GOP chief urges Buchanan to stay in party fold
By JANE CAPLAN/CNN
September 29, 1999
Web posted at: 10:35 a.m. EDT (1435 GMT)
WASHINGTON (CNN) -- Republican National Chairman Jim Nicholson met Tuesday with presidential candidate Pat Buchanan in an effort to keep the outspoken conservative from bolting the Republican Party for the Reform Party ticket.
"I asked him to consider very carefully before taking any action that could in any way help Al Gore or Bill Bradley extend the Clinton/Gore era another four years," Nicholson said in a statement following the meeting at Buchanan's suburban McLean, Virginia home.
The meeting was requested by Nicholson, and afterwards a source close to the party chairman told CNN, "No one knows what the outcome will be.

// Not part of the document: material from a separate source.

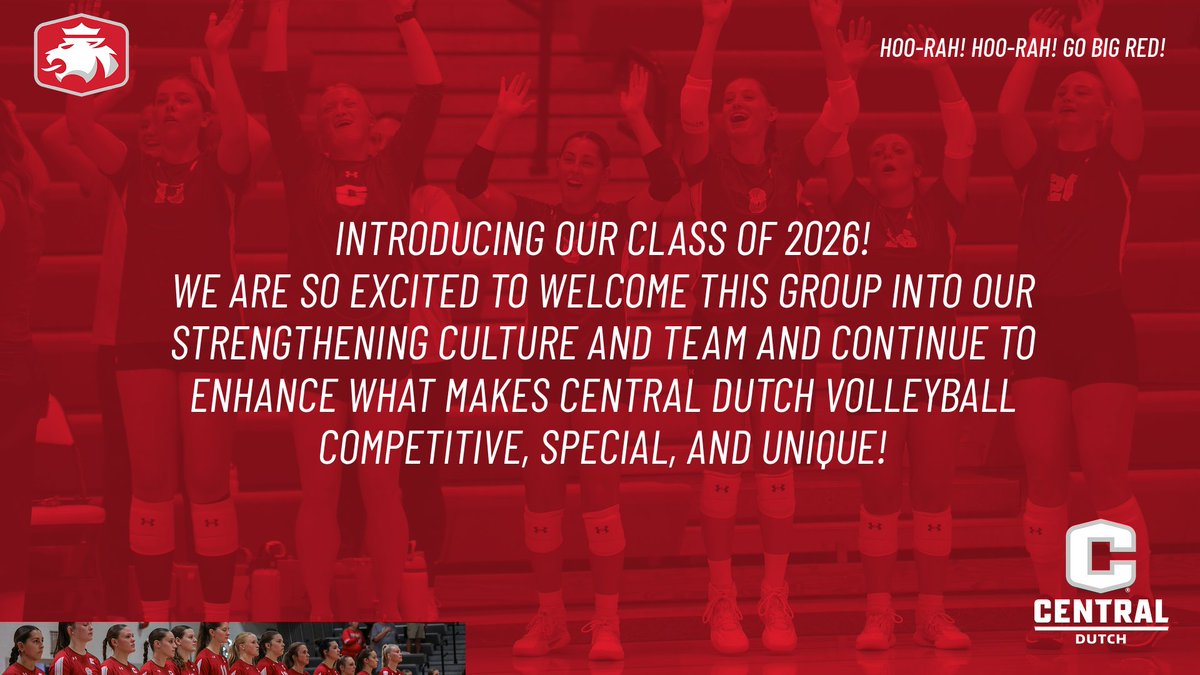 Central_VB's tweet photo. Please join us in welcoming our incoming class of 2026 Dutch Volleyball teammates over the next few days! They are ready to  be a part of our growing culture and success, and we cannot WAIT to have them here!  GO DUTCH! https://t.co/WSdj9G1xpI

Buchanan said he'd be thinking about this a while."
Buchanan, a lifelong Republican who worked in the White House under Presidents Richard Nixon and Ronald Reagan, has said he'll announce his decision next month.
Earlier Tuesday, Buchanan said on the NBC "Today" program, "I'm not sure what he can say to me to change my mind from where I'm going."

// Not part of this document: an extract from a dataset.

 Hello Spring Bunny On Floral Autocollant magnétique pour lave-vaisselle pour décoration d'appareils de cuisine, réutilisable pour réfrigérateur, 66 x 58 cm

After the meeting, his campaign spokeswoman, Joanne Hansen, would say only: "It was a private meeting at Buchanan's residence this afternoon. We have no further comment."
The last meeting between the two men was in March.
Buchanan also canceled a scheduled appearance this weekend at the Christian Coalition's Road to Victory Conference, where many of his Republican campaign rivals will speak.
Buchanan's threat to defect from the GOP became more heated as the result of the controversy over his new book that questions whether the United States should have taken on Hitler's Germany in World War II.
Another candidate for the Republican presidential nomination, Sen. John McCain, a Navy pilot shot down in the Vietnam war and a POW for more than five years, has said there is no place in the party for someone who holds the views expressed in Buchanan's book -- "A Republic, Not an Empire."
But Texas Gov. George W. Bush, the GOP front-runner in the presidential campaign, urged Buchanan to stay put and Nicholson is urging him to do just that.